This large multicenter observational study of clinical outcomes in hospitalized children with new-onset HSP revealed that early corticosteroid exposure is associated with statistically significant decreased HRs for needing abdominal surgery, endoscopy, and abdominal imaging and a decreased HR for NSAID and opioid use during hospitalization. Furthermore, the direction of our estimates was consistent when each patient’s hospitalization charges for days 1 and 2 were included in the model as a proxy for severity of illness at the time of admission.
Two additional findings warrant discussion. First, with observational studies of medical interventions, one must consider the possibility of potential confounding-by-indication bias, which arises when the patients with more severe forms of disease are more likely to both receive the intervention and experience poorer outcomes, which results in the apparent association of the intervention with poorer outcomes. In our study, if we accept the premise that patients who are more ill consume more health care resources, we do find evidence that patients who were more ill at the time of admission were more likely to receive corticosteroids, as demonstrated in . Our analytic methods, with multivariable adjustment for patient characteristics, likely minimized but did not eliminate this confounding by indication, which raises the possibility that corticosteroids have an even greater beneficial effect on inpatient outcomes than we are able to demonstrate.
Second, in our analysis the only secondary outcome with an HR of >1 (although not to a statistically significant degree) was hospital readmission.
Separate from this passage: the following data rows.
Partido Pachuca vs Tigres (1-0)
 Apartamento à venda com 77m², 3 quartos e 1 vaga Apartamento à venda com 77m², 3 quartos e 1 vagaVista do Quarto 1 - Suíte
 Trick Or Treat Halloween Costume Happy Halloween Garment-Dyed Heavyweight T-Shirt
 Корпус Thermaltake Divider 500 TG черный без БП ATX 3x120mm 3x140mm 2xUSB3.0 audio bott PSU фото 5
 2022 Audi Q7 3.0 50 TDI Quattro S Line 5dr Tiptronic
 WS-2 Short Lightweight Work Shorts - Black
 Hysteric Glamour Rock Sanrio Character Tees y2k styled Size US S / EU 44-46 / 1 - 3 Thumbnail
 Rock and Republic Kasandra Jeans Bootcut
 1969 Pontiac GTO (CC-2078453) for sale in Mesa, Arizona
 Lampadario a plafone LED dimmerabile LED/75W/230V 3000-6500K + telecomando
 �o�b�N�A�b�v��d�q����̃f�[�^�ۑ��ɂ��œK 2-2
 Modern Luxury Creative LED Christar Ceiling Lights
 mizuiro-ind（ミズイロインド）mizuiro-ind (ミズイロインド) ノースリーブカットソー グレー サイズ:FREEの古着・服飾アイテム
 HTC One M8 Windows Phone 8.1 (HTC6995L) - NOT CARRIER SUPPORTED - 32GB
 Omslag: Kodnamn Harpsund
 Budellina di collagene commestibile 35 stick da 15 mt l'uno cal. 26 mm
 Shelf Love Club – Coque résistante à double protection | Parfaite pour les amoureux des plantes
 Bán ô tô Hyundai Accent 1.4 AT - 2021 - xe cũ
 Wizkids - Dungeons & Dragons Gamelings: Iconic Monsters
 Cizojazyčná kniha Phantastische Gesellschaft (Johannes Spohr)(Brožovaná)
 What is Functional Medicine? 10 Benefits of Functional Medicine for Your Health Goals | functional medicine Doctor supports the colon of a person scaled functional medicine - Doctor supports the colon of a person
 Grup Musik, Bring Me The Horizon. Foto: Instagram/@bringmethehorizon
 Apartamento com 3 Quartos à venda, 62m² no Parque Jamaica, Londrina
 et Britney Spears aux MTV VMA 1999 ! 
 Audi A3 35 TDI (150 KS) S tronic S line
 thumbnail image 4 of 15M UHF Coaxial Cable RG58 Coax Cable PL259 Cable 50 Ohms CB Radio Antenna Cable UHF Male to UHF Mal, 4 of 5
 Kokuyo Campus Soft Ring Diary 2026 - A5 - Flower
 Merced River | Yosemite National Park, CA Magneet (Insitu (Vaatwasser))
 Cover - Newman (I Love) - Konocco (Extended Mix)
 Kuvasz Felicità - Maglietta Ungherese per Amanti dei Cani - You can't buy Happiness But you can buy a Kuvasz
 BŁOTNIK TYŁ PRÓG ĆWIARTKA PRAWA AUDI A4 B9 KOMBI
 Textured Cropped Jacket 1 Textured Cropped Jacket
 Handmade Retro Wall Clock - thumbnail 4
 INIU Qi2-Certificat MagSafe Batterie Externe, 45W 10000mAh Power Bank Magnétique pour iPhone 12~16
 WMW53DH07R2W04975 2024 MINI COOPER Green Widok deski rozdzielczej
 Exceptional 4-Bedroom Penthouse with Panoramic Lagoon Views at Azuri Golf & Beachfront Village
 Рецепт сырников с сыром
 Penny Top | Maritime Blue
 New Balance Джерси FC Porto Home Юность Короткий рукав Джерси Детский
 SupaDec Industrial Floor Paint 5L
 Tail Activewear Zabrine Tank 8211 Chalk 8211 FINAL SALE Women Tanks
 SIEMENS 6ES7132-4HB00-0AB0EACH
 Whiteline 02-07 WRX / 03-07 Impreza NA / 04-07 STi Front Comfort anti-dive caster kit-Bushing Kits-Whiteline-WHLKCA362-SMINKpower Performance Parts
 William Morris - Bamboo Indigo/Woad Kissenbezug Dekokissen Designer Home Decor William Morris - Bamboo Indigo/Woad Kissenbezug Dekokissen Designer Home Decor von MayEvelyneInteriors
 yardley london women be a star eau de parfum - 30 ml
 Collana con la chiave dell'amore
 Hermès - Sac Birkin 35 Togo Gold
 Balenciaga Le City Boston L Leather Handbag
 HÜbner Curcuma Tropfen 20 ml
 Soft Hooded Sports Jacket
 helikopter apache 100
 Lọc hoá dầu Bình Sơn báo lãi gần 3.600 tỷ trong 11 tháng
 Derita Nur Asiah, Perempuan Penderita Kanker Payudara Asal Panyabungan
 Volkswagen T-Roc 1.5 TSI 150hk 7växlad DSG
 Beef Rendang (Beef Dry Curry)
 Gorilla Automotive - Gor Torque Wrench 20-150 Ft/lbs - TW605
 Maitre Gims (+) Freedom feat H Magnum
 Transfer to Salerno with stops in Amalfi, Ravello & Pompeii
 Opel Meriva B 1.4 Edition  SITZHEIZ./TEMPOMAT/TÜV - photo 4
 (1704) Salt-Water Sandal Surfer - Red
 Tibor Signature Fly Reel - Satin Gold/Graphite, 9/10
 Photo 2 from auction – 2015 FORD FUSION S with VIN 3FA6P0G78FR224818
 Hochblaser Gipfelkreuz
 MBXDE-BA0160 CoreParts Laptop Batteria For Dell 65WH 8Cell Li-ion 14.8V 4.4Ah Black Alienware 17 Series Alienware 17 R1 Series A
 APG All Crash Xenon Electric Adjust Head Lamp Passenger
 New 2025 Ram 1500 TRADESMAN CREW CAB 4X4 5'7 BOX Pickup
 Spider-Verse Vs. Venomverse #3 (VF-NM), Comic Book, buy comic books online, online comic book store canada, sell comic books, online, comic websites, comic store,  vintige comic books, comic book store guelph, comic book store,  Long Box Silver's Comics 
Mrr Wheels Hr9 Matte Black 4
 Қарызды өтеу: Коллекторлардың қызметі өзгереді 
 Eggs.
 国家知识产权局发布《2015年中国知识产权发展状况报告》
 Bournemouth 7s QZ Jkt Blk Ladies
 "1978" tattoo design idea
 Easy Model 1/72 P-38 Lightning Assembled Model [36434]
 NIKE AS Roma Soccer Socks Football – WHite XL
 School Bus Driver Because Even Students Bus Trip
Why this 1 possible counter-example to the otherwise apparent beneficial effects of corticosteroid? Our clinical experience suggests that children treated with corticosteroids may be (1) given too short a course of corticosteroids, (2) weaned off corticosteroids too quickly and experience rebound symptoms, or (3) more severely ill at the time of hospital admission. Unfortunately, we cannot evaluate these possibilities in the PHIS inpatient database, because it does not record whether children treated with corticosteroids as inpatients were sent home on corticosteroids, how long they were treated, or how the course of therapy was tapered and stopped.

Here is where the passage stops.